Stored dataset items
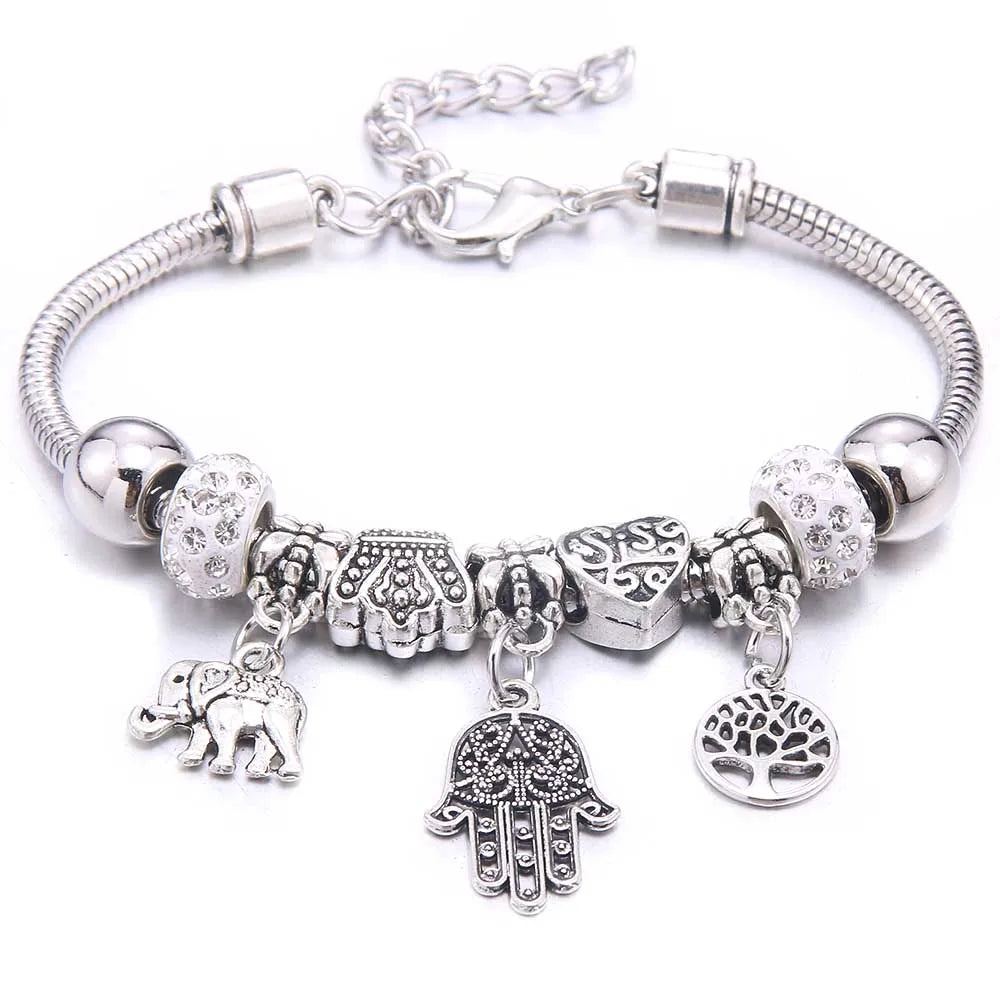 White Butterfly Charm Bracelet with Crown Beads - Friendship Gift for Women & Girls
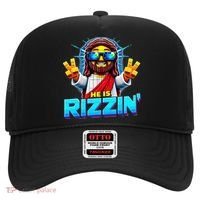 He Is Rizzen Jesus Has Rizzen Retro Christian Pixel Gaming Gift Hat thumb 0
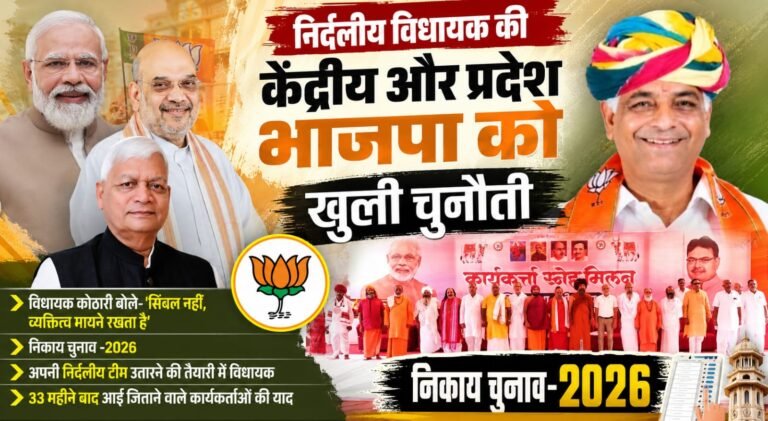 निर्दलीय विधायक की केंद्रीय और प्रदेश भाजपा को खुली चुनौती   विधायक कोठारी बोले- ‘सिंबल नहीं, व्यक्तित्व मायने रखता है
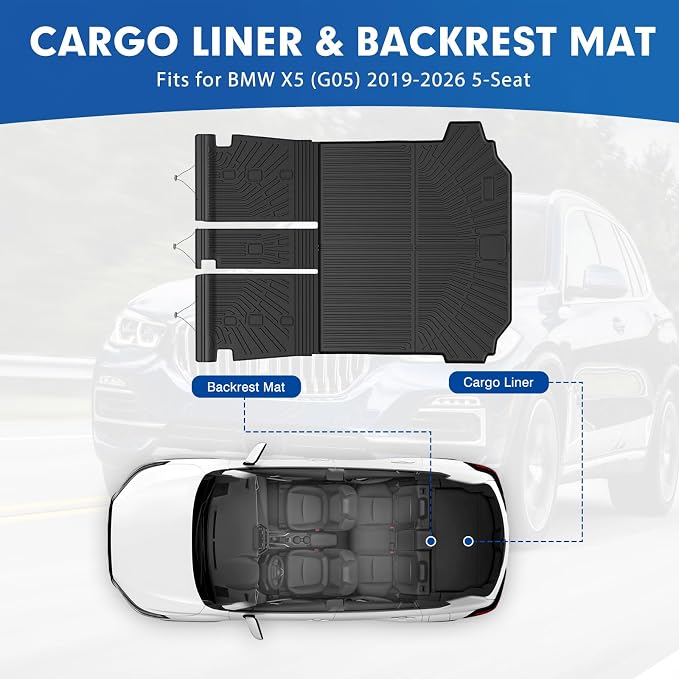 Mixsuper Cargo Liner for B M W X5 (G05) 2026 2025-2019, All Weather Trunk Mat Backrest Mat TPE Back Seat Cover Protector for X5 Accessories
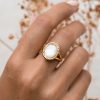 Mother of pearl statement ring in gold vermeil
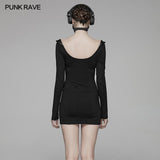 Sexy Punk Big Round Collar Skinny Elastic Knitted Short Dress
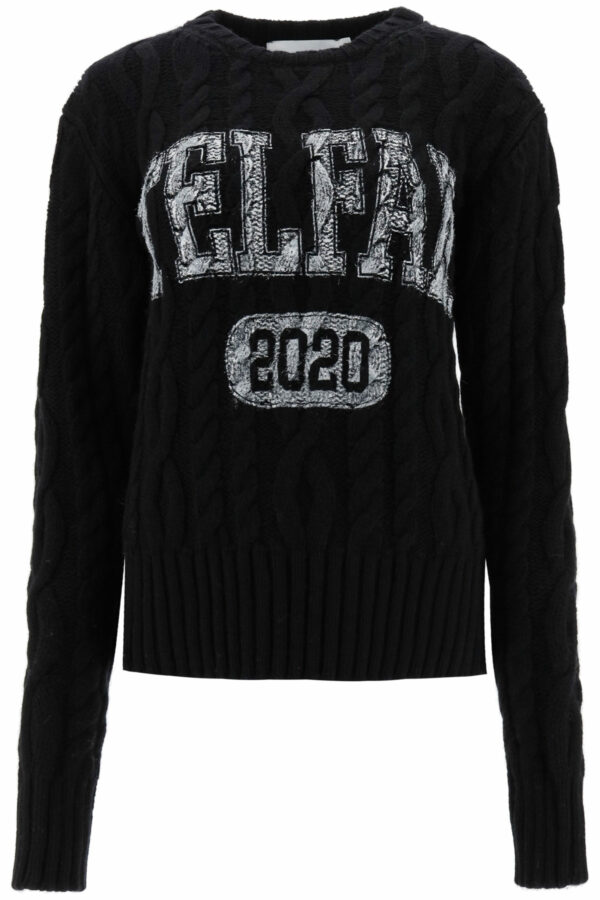 TELFAR CABLE-KNIT SWEATER WITH LOGO XS Black Wool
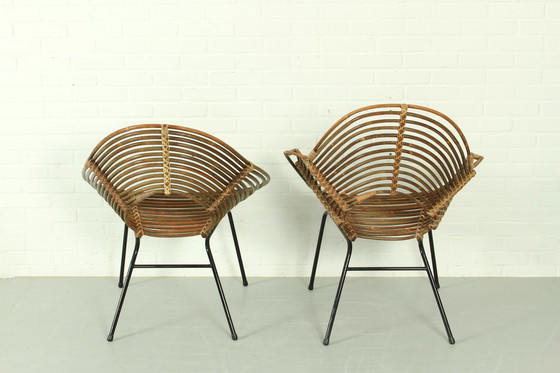 Image 1 of Set van 2 vintage rotan loungestoelen H. Broekhuizen voor Rohé Noordwolde, Nederland 1960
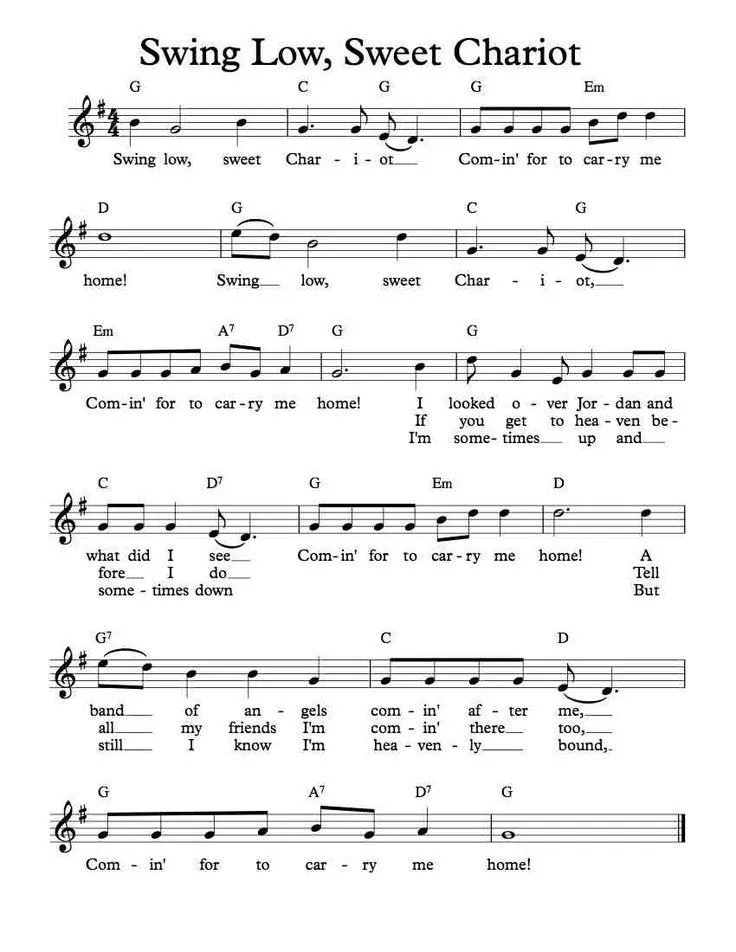 télécharger la partition d'accordéon Swing low Sweet chariot (Interprètes : Bill Monroe & His Blue Grass Boys) (Country) au format PDF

ASSIGNMENT: Repeat the records exactly, without the pictures.

EXPECTED ANSWER:
 White Butterfly Charm Bracelet with Crown Beads - Friendship Gift for Women & Girls
 He Is Rizzen Jesus Has Rizzen Retro Christian Pixel Gaming Gift Hat thumb 0
 निर्दलीय विधायक की केंद्रीय और प्रदेश भाजपा को खुली चुनौती   विधायक कोठारी बोले- ‘सिंबल नहीं, व्यक्तित्व मायने रखता है
 Mixsuper Cargo Liner for B M W X5 (G05) 2026 2025-2019, All Weather Trunk Mat Backrest Mat TPE Back Seat Cover Protector for X5 Accessories
 Mother of pearl statement ring in gold vermeil
 Sexy Punk Big Round Collar Skinny Elastic Knitted Short Dress
 TELFAR CABLE-KNIT SWEATER WITH LOGO XS Black Wool
 Image 1 of Set van 2 vintage rotan loungestoelen H. Broekhuizen voor Rohé Noordwolde, Nederland 1960
 télécharger la partition d'accordéon Swing low Sweet chariot (Interprètes : Bill Monroe & His Blue Grass Boys) (Country) au format PDF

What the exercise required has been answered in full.